Problem description —
Set down the final stretch of the data, from the line that holds "Skoda Octavia Combi" through the last line, both included, with pictures left out.
Supplied data below:
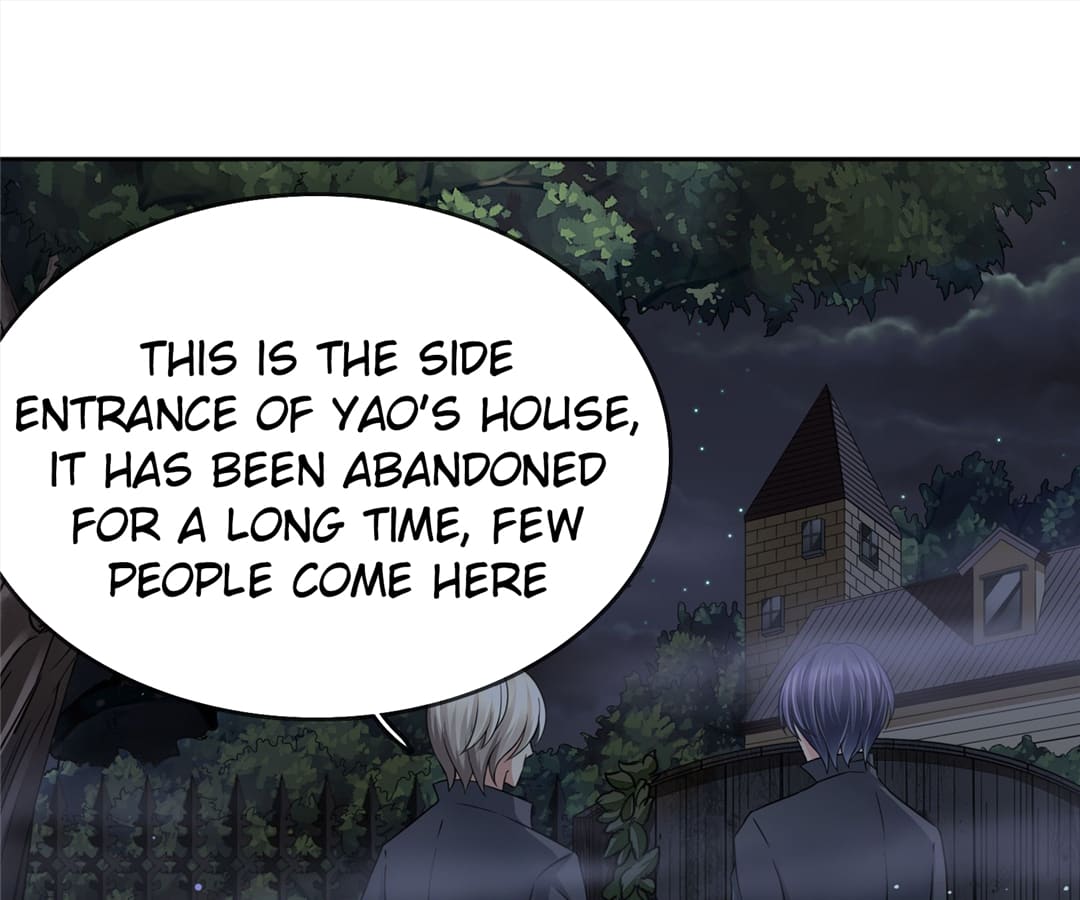 Who Is My Perfect Match? Chapter 30 - page 9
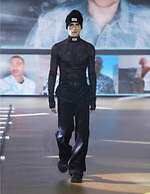 ドルチェ＆ガッバーナ 2021-22年秋冬メンズコレクション - 未来へ向かう、自由な自己表現｜写真95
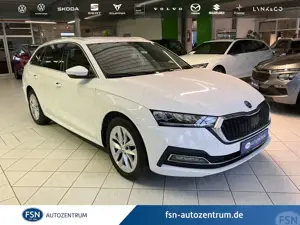 Skoda Octavia Combi 2.0 TDI Style NAVI RFK ACC HUD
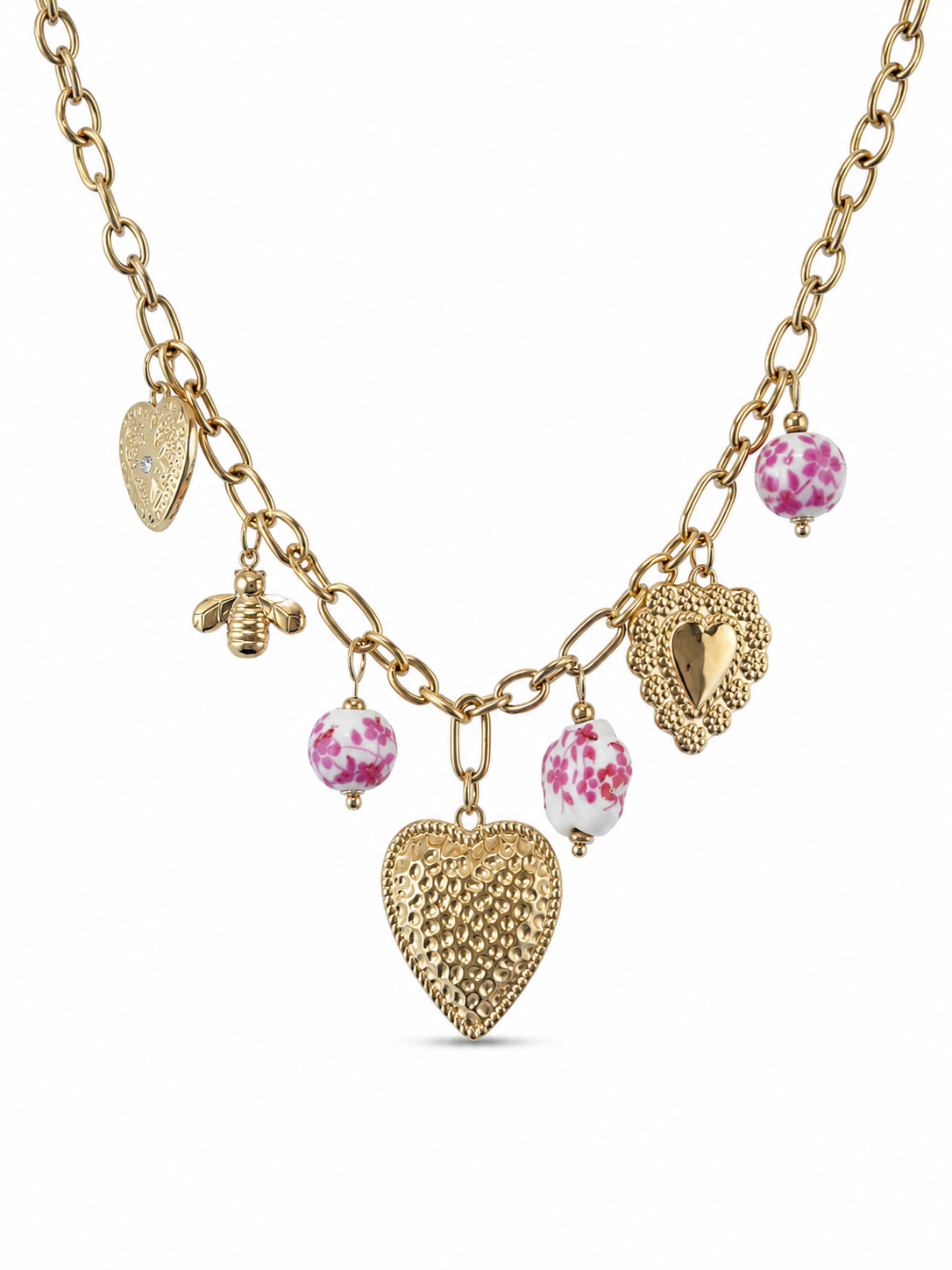 Collier Calista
End of Supplied data.
Result —
 Skoda Octavia Combi 2.0 TDI Style NAVI RFK ACC HUD
 Collier Calista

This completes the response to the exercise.